## [DIRECTIONS]
An exact copy of all the lines below is required, with every image left out.

## [PROVIDED DATA]
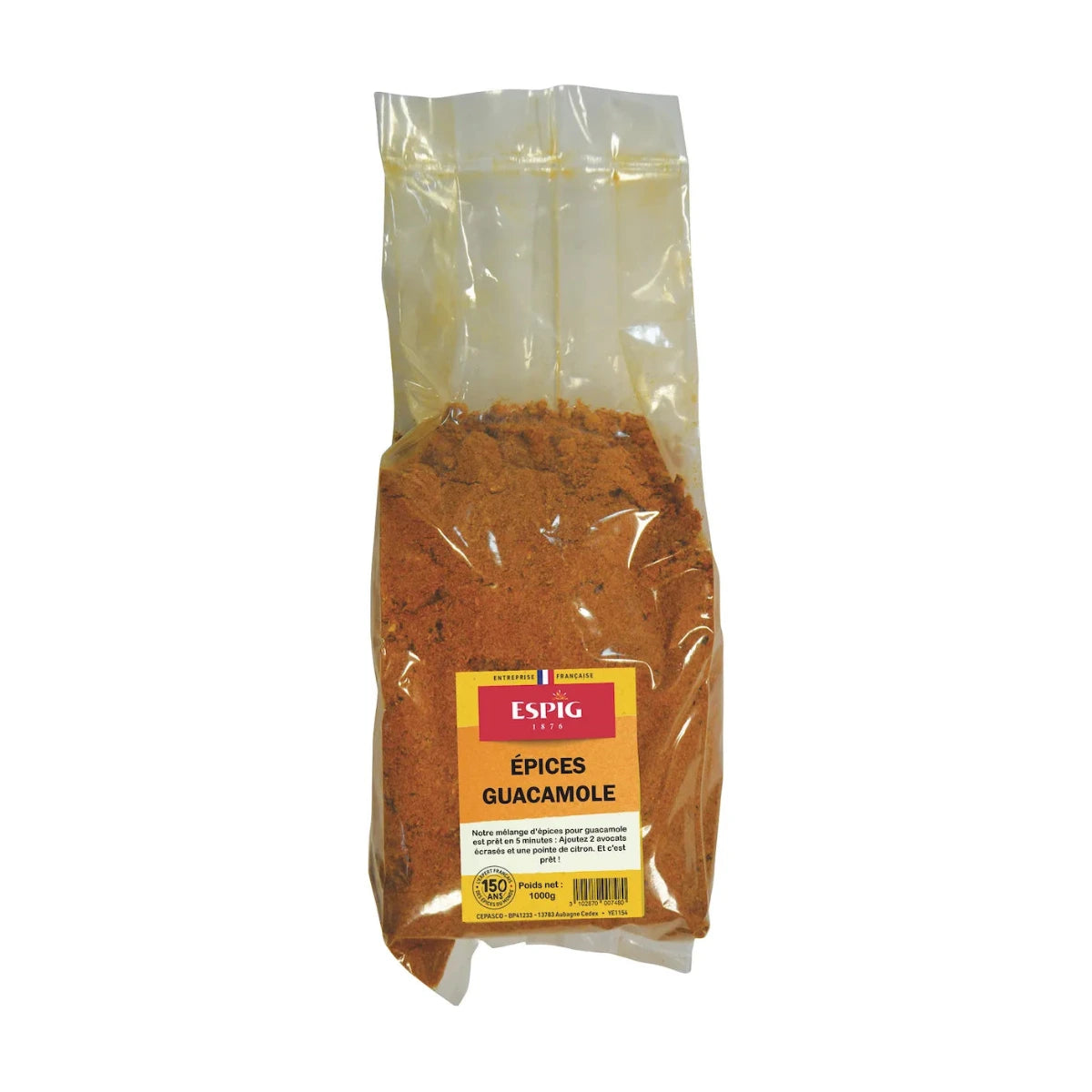 ESPIG - APERO GUACAMOLE - 1000g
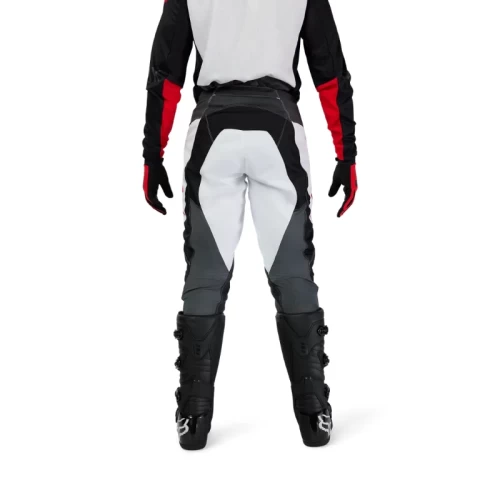 Pantaloni Fox MX-180 Flow Alb/Rosu 44, 12, nordicamoto.ro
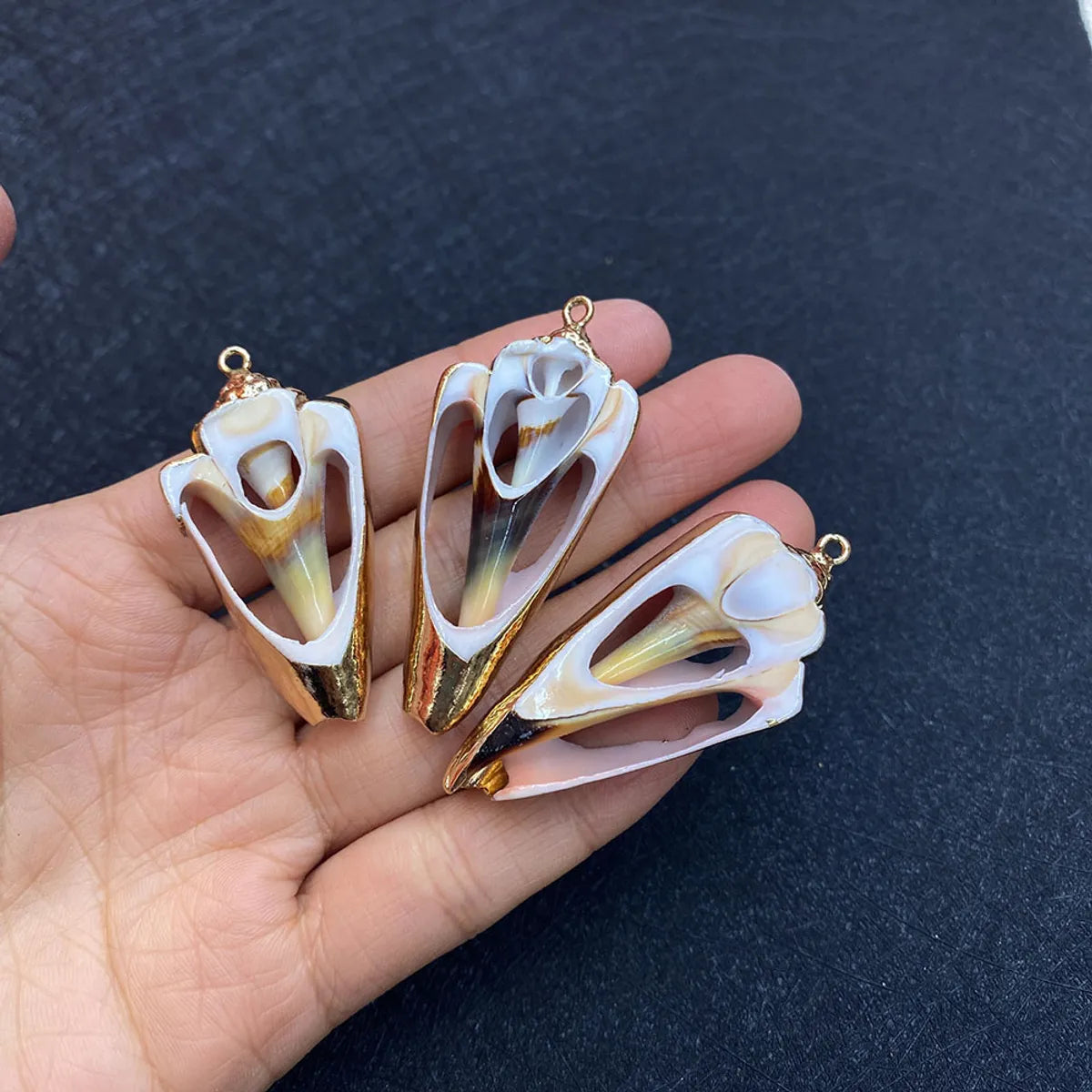 1 Piece Shell Conch Pendant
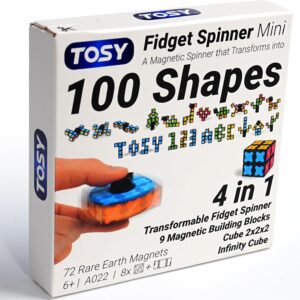TOSY Magnet Fidget Spinner Mini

## [COMPLETED EXERCISE]
 ESPIG - APERO GUACAMOLE - 1000g
 Pantaloni Fox MX-180 Flow Alb/Rosu 44, 12, nordicamoto.ro
 1 Piece Shell Conch Pendant
TOSY Magnet Fidget Spinner Mini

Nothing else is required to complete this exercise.